Records excerpted from a collection
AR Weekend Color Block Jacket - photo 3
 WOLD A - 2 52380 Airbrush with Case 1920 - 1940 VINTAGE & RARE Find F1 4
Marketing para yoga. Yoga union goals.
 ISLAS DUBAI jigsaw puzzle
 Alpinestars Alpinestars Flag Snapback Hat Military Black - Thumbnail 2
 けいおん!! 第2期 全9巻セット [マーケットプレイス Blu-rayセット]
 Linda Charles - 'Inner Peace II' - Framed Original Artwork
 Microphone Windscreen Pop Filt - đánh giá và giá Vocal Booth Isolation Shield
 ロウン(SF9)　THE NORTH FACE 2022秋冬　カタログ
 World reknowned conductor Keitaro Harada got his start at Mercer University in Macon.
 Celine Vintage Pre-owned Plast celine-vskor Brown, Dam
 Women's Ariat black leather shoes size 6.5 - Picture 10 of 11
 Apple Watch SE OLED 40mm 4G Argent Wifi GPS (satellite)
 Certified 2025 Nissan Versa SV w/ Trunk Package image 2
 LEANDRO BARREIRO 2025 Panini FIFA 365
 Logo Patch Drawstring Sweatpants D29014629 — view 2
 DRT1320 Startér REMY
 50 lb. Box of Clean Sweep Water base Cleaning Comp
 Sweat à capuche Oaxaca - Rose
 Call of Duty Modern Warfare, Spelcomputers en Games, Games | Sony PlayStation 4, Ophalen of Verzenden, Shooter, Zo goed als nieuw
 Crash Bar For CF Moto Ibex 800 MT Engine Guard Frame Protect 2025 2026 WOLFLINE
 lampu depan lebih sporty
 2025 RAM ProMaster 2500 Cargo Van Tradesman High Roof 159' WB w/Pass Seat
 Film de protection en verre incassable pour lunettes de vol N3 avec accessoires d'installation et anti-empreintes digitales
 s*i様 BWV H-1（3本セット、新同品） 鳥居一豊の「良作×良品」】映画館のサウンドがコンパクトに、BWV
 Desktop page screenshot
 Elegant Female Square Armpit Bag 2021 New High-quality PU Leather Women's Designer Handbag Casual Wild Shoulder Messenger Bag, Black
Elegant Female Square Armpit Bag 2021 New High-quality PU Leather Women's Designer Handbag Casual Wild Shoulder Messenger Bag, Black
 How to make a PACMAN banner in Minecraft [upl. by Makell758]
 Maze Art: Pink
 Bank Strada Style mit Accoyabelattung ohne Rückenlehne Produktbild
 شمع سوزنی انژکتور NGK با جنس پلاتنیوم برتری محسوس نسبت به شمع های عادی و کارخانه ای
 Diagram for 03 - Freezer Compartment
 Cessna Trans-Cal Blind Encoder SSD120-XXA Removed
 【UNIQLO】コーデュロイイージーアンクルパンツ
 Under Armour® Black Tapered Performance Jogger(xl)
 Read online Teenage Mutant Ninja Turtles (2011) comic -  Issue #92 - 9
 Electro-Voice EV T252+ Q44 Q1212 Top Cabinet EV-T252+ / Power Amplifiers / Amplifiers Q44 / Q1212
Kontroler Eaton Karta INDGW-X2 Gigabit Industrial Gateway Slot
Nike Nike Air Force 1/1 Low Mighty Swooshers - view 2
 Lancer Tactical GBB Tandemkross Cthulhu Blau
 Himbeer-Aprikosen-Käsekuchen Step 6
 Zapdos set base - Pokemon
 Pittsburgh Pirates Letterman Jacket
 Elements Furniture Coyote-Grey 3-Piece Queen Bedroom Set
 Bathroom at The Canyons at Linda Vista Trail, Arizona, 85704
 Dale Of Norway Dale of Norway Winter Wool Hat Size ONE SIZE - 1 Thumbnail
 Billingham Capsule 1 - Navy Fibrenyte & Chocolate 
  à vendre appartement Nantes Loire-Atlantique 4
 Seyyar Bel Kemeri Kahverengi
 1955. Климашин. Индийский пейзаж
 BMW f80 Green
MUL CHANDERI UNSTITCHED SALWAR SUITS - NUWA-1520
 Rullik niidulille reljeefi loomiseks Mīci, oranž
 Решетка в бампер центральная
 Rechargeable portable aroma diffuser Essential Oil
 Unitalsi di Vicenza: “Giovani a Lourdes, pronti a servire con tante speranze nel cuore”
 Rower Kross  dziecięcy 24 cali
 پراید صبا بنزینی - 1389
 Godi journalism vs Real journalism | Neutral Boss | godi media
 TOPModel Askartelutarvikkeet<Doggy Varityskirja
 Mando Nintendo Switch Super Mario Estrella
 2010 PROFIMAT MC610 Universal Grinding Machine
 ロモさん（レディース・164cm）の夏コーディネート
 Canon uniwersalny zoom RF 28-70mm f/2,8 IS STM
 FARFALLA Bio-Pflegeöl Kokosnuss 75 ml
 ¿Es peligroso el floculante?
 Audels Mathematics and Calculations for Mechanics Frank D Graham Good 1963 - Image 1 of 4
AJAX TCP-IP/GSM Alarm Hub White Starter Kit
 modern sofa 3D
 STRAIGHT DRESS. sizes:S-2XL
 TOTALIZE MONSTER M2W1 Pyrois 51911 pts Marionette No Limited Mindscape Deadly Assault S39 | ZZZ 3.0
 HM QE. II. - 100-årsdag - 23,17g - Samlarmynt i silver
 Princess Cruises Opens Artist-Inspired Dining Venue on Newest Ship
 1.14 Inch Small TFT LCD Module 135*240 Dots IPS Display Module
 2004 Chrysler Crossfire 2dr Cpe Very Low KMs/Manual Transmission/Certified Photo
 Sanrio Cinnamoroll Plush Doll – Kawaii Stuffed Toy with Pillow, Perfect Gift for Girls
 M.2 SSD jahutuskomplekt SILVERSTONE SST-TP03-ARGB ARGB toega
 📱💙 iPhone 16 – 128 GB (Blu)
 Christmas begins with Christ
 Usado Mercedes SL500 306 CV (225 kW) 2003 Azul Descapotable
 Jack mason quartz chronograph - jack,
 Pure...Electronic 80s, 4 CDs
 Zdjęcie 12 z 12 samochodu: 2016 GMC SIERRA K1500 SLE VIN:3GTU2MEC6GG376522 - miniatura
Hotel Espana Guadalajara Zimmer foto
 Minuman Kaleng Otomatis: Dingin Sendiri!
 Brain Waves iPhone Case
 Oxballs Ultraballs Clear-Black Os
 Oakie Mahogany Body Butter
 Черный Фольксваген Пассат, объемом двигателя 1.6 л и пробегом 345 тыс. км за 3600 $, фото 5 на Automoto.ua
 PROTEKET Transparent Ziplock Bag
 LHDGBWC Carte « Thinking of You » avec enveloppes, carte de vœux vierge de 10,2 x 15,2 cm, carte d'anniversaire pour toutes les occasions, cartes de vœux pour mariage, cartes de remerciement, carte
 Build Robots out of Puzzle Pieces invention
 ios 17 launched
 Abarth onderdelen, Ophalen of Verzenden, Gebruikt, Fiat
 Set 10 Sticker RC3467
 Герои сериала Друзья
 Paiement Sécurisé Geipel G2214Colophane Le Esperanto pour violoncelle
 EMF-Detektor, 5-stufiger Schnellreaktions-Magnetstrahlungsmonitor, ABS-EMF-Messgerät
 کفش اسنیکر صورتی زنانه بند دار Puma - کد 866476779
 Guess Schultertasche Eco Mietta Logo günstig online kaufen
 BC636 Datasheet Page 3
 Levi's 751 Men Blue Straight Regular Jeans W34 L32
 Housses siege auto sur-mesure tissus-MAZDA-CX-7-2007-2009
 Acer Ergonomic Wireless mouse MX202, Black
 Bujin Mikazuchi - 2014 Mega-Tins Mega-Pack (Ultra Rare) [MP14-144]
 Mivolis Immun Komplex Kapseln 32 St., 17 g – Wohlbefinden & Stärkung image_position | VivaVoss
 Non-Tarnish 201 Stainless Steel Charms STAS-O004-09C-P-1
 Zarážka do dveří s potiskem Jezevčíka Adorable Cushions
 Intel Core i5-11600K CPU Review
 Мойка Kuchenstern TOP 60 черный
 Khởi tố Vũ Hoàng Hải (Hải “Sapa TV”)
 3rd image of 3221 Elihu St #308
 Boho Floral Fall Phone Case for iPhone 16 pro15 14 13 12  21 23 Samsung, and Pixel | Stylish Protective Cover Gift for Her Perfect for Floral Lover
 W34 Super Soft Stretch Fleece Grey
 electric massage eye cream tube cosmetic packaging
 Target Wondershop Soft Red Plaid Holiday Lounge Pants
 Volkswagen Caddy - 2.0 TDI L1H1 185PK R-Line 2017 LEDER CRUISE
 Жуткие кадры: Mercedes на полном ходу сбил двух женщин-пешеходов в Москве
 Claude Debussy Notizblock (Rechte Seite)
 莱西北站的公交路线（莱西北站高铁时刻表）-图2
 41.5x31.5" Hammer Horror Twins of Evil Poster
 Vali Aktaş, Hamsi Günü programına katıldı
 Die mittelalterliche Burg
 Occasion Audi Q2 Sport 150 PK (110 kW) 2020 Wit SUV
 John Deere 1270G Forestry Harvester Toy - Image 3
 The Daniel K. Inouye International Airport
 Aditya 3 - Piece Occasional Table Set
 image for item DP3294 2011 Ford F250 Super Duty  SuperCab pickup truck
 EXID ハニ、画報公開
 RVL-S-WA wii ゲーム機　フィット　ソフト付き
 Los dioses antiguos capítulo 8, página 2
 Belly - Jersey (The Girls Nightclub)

# Work request
Within the data above, the span starting at the line containing "lampu depan lebih sporty" and ending at the line containing "Desktop page screenshot" is to be retyped exactly, with no other lines.

# Finished task
 lampu depan lebih sporty
 2025 RAM ProMaster 2500 Cargo Van Tradesman High Roof 159' WB w/Pass Seat
 Film de protection en verre incassable pour lunettes de vol N3 avec accessoires d'installation et anti-empreintes digitales
 s*i様 BWV H-1（3本セット、新同品） 鳥居一豊の「良作×良品」】映画館のサウンドがコンパクトに、BWV
 Desktop page screenshot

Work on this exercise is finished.